Sure. I think this is literally a tuning thing, and we'll see if
anybody ever says "the dentry cache grows too much with tracefs".
Linus
On Tue, 30 Jan 2024 at 18:46, Al Viro <viro@zeniv.linux.org.uk> wrote:
>
> What's to stop ->d_revalidate() from being called in parallel with
> __dentry_kill()?
Oh, you're right.
For some reason I thought we did the d_release() _after_ the RCU grace
period, but we don't.
Why don't we, btw? It would be so much better if we did the
d_release() from __d_free(). We have all that smarts in fs/dcache.c to
decide if we need to RCU-delay it or not, and then we don't let
filesystems use it.
I assume the reason is that some 'd_delete' cases might want to sleep
etc. Still, for things like this that just want to release memory, it
would be *much* better to have d_release called when the dentry is
actually released.
Hmm. Not very many d_delete cases, but I did see a couple that
definitely want process context (dma_buf_release goes to things that
do vfree() etc).
So I guess the "make low-level filesystems do their own kfree_rcu() is
what we're doing.
In this case it's as simple as doing that
- kfree(ei);
+ kfree_rcu(ei, rcu);
and we'd just make the rcu entry a union with something that isn't
that 'is_freed' field so that it doesn't take more space.
Linus
On Wed, 31 Jan 2024 13:00:39 -0500
Steven Rostedt <rostedt@goodmis.org> wrote:
> On Tue, 30 Jan 2024 11:03:55 -0800
> Linus Torvalds <torvalds@linux-foundation.org> wrote:
>
> > It would probably be cleaner to make eventfs its own filesystem, or at
> > least set its own dentry ops when looking up eventfs files. But as it
> > is, only eventfs dentries use d_fsdata, so we don't really need to split
> > these things up by use.
>
> BTW, I have been thinking about making eventfs a completely separate file
> system that could be mounted outside of tracefs. One that is readonly that
> only contains the "id" and "format" files and nothing more.
>
> Why? Because perf and powertop both use those files to know how to parse
> the raw event formats. I don't think there's anything in there that
> requires root privileges to read. They should not be exposing any internal
> kernel information besides the event format layouts, and it would be nice
> to have a /sys/kernel/events directory that only had that.

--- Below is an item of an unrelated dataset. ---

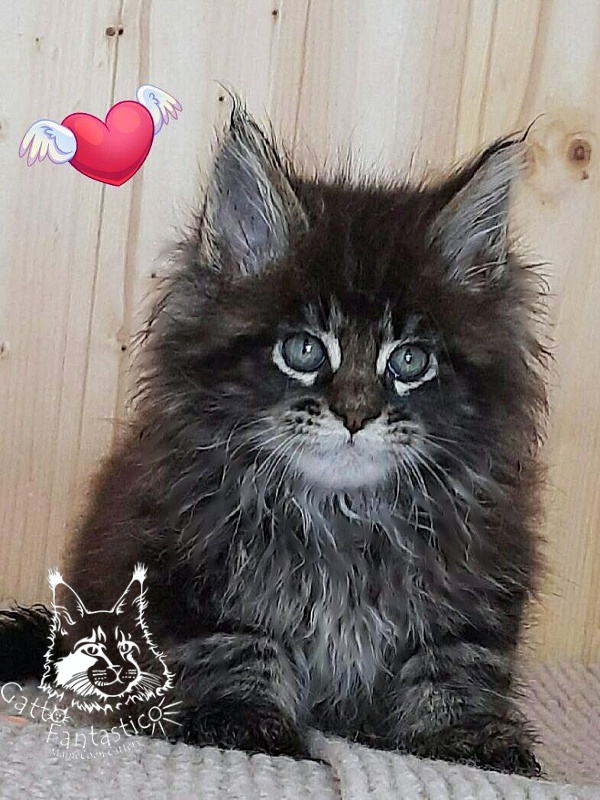 Gatto Fantastico Wolfie - Кошеня мейн-кун 1 місяць 4 тижні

That's a good idea! So maybe we can allow perf to read it without root user.
>
> Making eventfs a separate file system where, when added to tracefs, has the
> control files for the specific trace_array, but for the /sys/kernel
> directory, only cares about the trace format files.
>
> Then tracefs could be nicely converted over to kernfs, and eventfs would be
> its own entity.
If so, maybe we can just make symlinks to the 'id' and 'format' from events
under tracefs? :)
Thank you,
>
> -- Steve
@@ -414,23 +414,14 @@ static inline struct eventfs_inode *alloc_ei(const char *name)
/**
- * eventfs_set_ei_status_free - remove the dentry reference from an eventfs_inode
- * @ti: the tracefs_inode of the dentry
+ * eventfs_d_release - dentry is going away
* @dentry: dentry which has the reference to remove.
*
* Remove the association between a dentry from an eventfs_inode.
*/
-void eventfs_set_ei_status_free(struct tracefs_inode *ti, struct dentry *dentry)
+void eventfs_d_release(struct dentry *dentry)
{
- struct eventfs_inode *ei;
-
- mutex_lock(&eventfs_mutex);
- ei = dentry->d_fsdata;
- if (ei) {
- dentry->d_fsdata = NULL;
- put_ei(ei);
- }
- mutex_unlock(&eventfs_mutex);
+ put_ei(dentry->d_fsdata);
}
/**
@@ -517,9 +508,8 @@ static struct dentry *eventfs_root_lookup(struct inode *dir,
}
enoent:
- /* Nothing found? */
- d_add(dentry, NULL);
- result = NULL;
+ /* Don't cache negative lookups, just return an error */
+ result = ERR_PTR(-ENOENT);
out:
mutex_unlock(&eventfs_mutex);
@@ -857,6 +847,5 @@ void eventfs_remove_events_dir(struct eventfs_inode *ei)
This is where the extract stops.